Dans sa décision du 25 novembre, la cour d’appel de Cayenne, a condamné les 4 prévenus a des peines fermes de 18 mois, et elle a écrit que compte tenu du quantum des peines, elles ne sont pas aménageables. C’est écrit noir sur blanc dans l’arrêt. Cela signifie, que dès lors que la peine est supérieure à 12 mois, ils ne peuvent pas demander à sortir immédiatement avec une mesure, par exemple de bracelet électronique. Ce n’est pas possible. La loi ne le permet plus. Ça c’était possible avant la loi du 24 mars 2020. Aujourd’hui, ce n’est plus possible.
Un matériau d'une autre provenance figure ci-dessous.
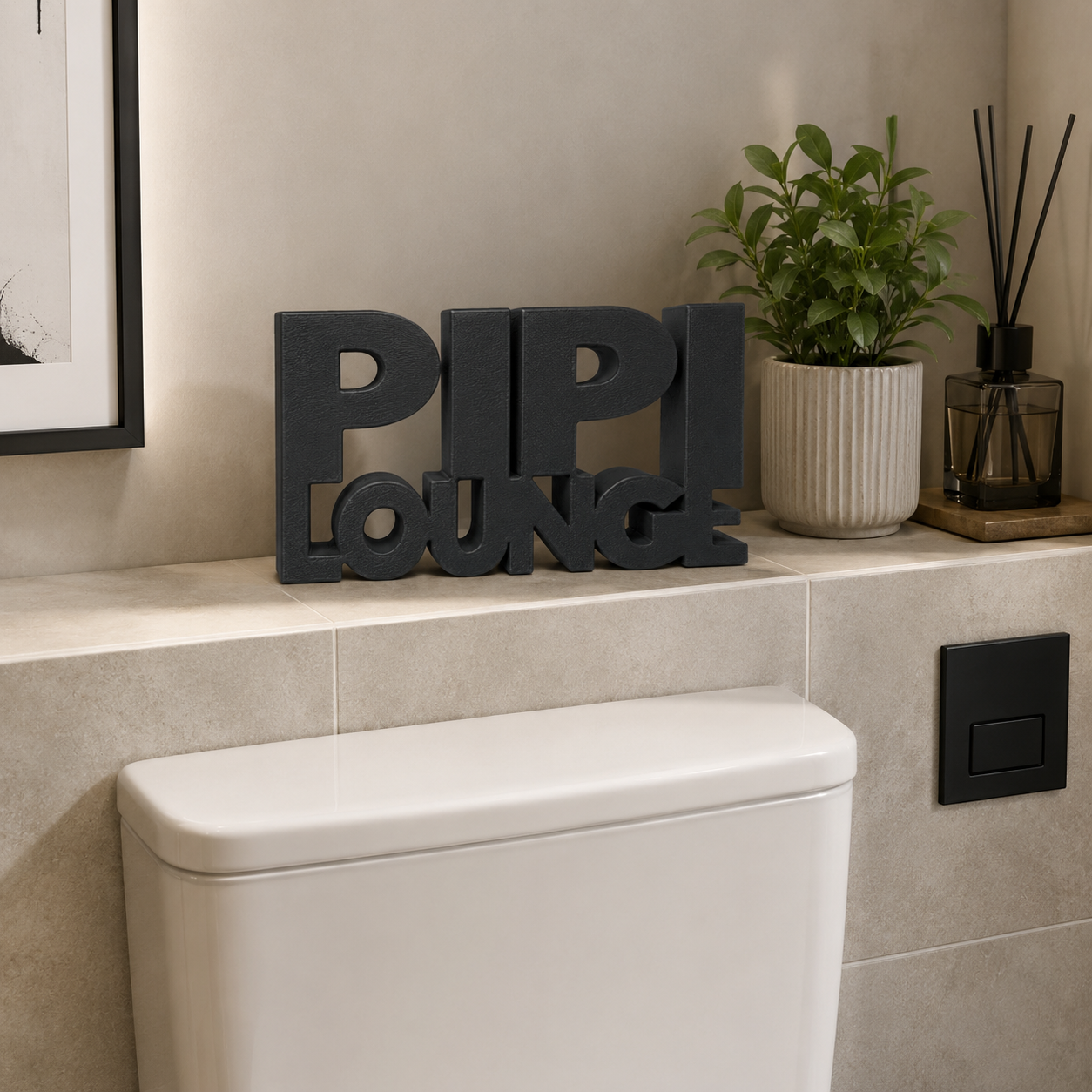 Pipi Lounge Aufsteller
Par contre, à partir du moment où ils auront purgé la moitié de leur peine, ils peuvent immédiatement demander à sortir et c’est ce qu’a voulu dire le président de la CTG een disant « dès lors que légalement ils pourront le faire, je demande à ce que les demandes de remises en liberté soient promptement prises et applicables ». Pour cela, il faut que leurs avocats les accompagnent de manière intelligente. Il faut également qu’ils aient un comportement correct pendant la détention. Il faut qu’ils se rapprochent du service d’insertion en s’inscrivant aux formations, pour pouvoir montrer que cette peine de prison leur a servi et qu’ils sont prêts à revenir dans la vie de la société sans difficulté pour la société.
Donc quand le président de la CTG dit « je demande à ce qu’ils puissent sortir promptement avec bracelet électronique », il dit par-là que dès que le seuil légal de la moitié de la peine aura été purgé, il faudra que ces personnes-là puissent sortir. Or le seuil légal est de 9 mois pusqu’ils ont été condamnés à 18 mois. Ils ont déjà fait un mois et demi de prison, donc il leur resterait 7 mois et demi encore à purger.
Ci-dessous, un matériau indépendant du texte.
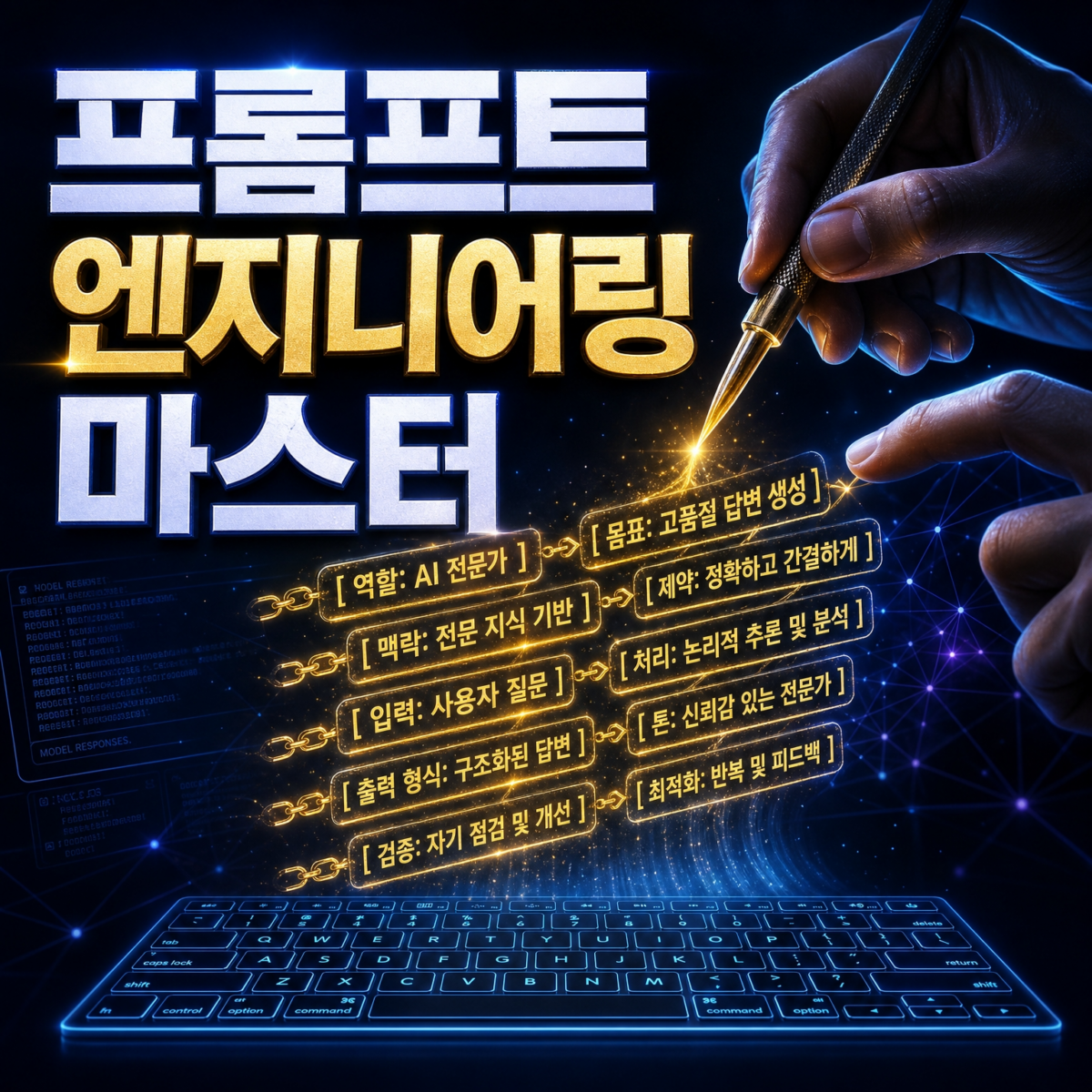프롬프트 엔지니어링 마스터 가이드 AI 답변 품질 3배 썸네일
Quels sont les autres éléments qui posent problème ?
Pour pouvoir bénéficier d’une sortie rapide, il faut faire preuve de volonté de vouloir revenir dans la société, de se réinsérer, de dire « j’ai fait une erreur, vous m’avez condamné… », indépendamment du fait qu’ils sont encore qu’ils n’ont pas épuisé toutes les voies de recours et qu’ils ne sont donc pas définitivement condamnés. Il y a encore un recours à la cour de cassation qui peut les relaxer ou réduire la peine. Elle peut annuler l’arrêt et les renvoyer vers la cour d’appel. Mais les délais en cour d’appel sont très longs et ils seront déjà sortis d’ici là. Donc, et leurs avocats le savent très bien, iI faut véritablement faire preuve de comportement modèle pendant l’incarcération. Il faut qu’ils se servent de ce temps pour s’insérer, se former, s’inscrire à toutes les formations possibles et imaginables, demander à participer à un tas d’actions positives en prison, ce qui permettra au service d’accompagnement, de faire un rapport positif au juge des libertés et de la détention (JLD), lorsque celui-ci sera saisi, dans un délai de 7 mois et demi, et il pourra se prononcer favorablement.
Quelles sont les choses qui ont changé depuis la loi de mars 2020 ?
Avant 2020, on pouvait pendant l’audience ou juste après, saisir immédiatement la juridiction ou le JLD et demander un aménagement de la peine. Parmi les critères, c’est d’avoir des garanties de représentation, de ne pas être dangereux pour la société ou pour soi-même, qui n’a pas de risque d’avoir un problème ou liaison avec un ou des complices… Depuis la loi du 24 mars 2020, si la peine est supérieure à un an, elle n’est plus aménageable, en tout cas on ne peut plus demander immédiatement à sortir. Il faut attendre d’avoir purgé la moitié de sa peine pour pouvoir demander au JLD, après avoir démontré qu’on est un détenu modèle, qu’on peut sortir et bénéficier d’une mesure de libération conditionnelle anticipée.